From the line that contains "Superior Double or Twin Room Lake View" down to the last line of the data below, restate every line word for word, skipping any images.

- _RECORDS SUPPLIED_
○ ○ ○
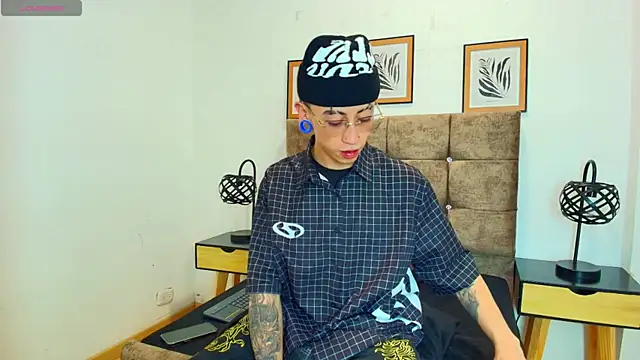 Yoshua Smith  online show from 05.29.26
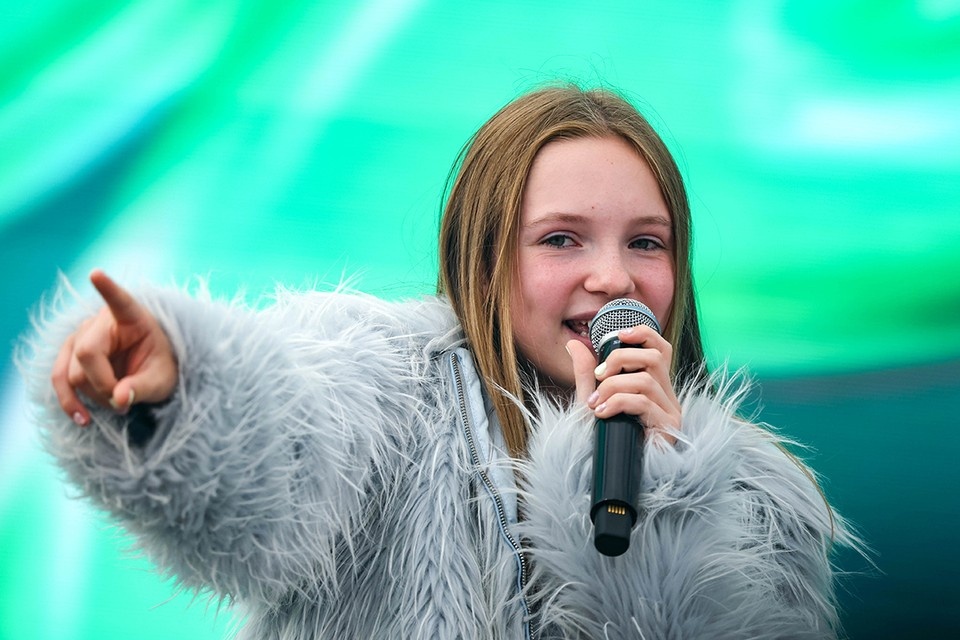    Новогодняя песня создателей «Сигма боя» Мукки и Betsy стала популярна в соцсетях. Фото: Дмитрий Феоктистов/ТАСС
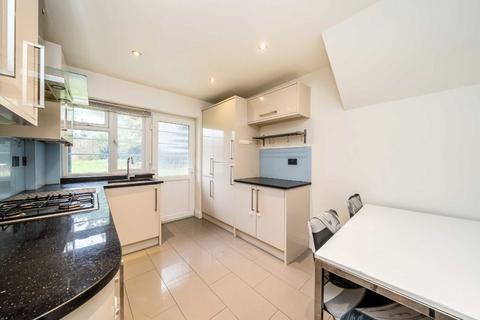 2 bedroom flat to rent, Ashbourne Road, London W5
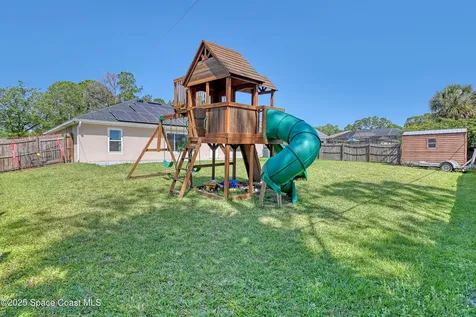 731 Daniels Avenue SW Palm Bay FL 32908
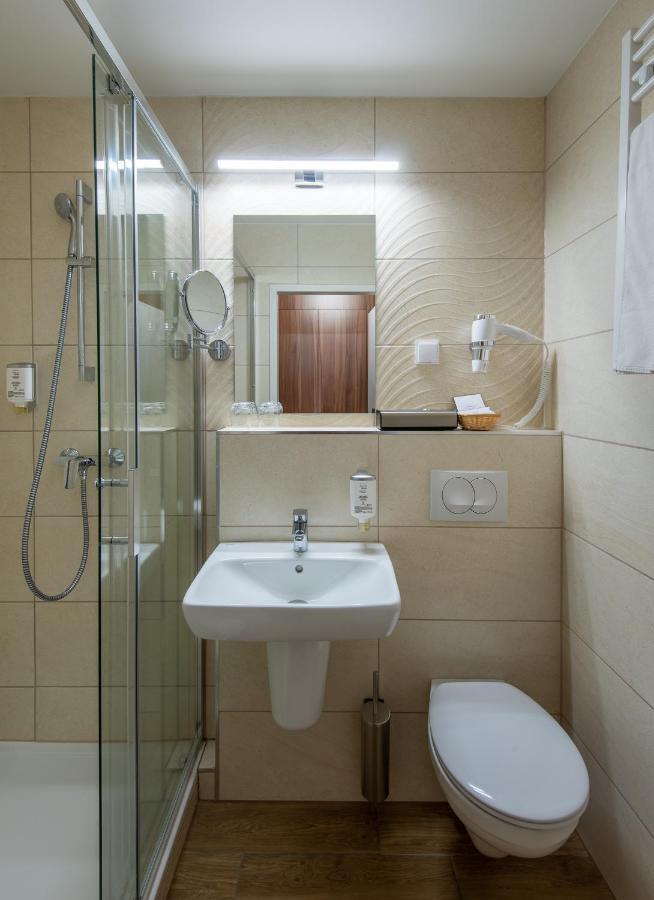Superior Double or Twin Room Lake View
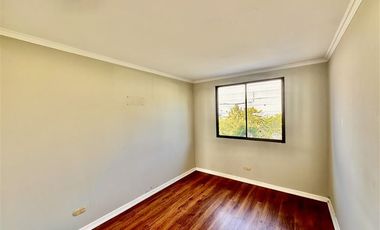 Casa en Arriendo en Sendero Jardín Oriente 2810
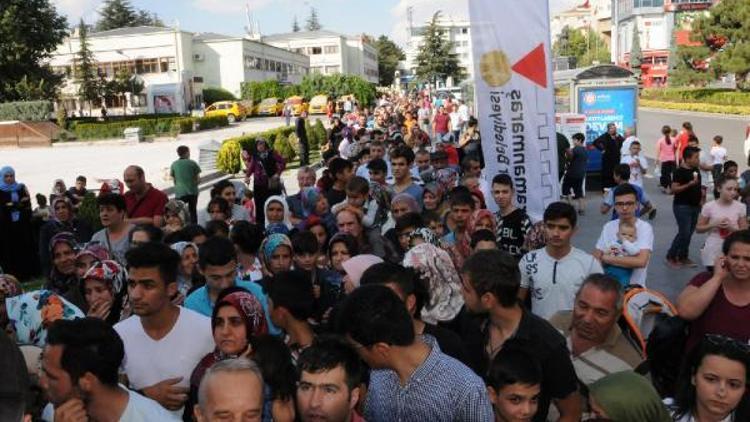 Niğde’de 1 ton ücretsiz Maraş dondurması dağıtıldı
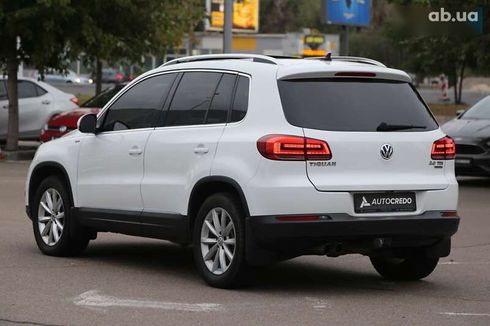 Volkswagen Tiguan 2015 - фото 4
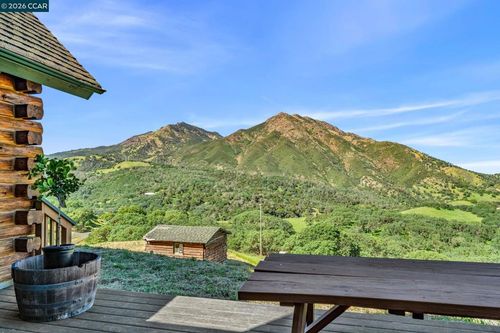 530 Leon Way, Clayton, CA, 94517-9778 | Card Image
○ ○ ○
- _OUTPUT_
Superior Double or Twin Room Lake View
 Casa en Arriendo en Sendero Jardín Oriente 2810
 Niğde’de 1 ton ücretsiz Maraş dondurması dağıtıldı
 Volkswagen Tiguan 2015 - фото 4
 530 Leon Way, Clayton, CA, 94517-9778 | Card Image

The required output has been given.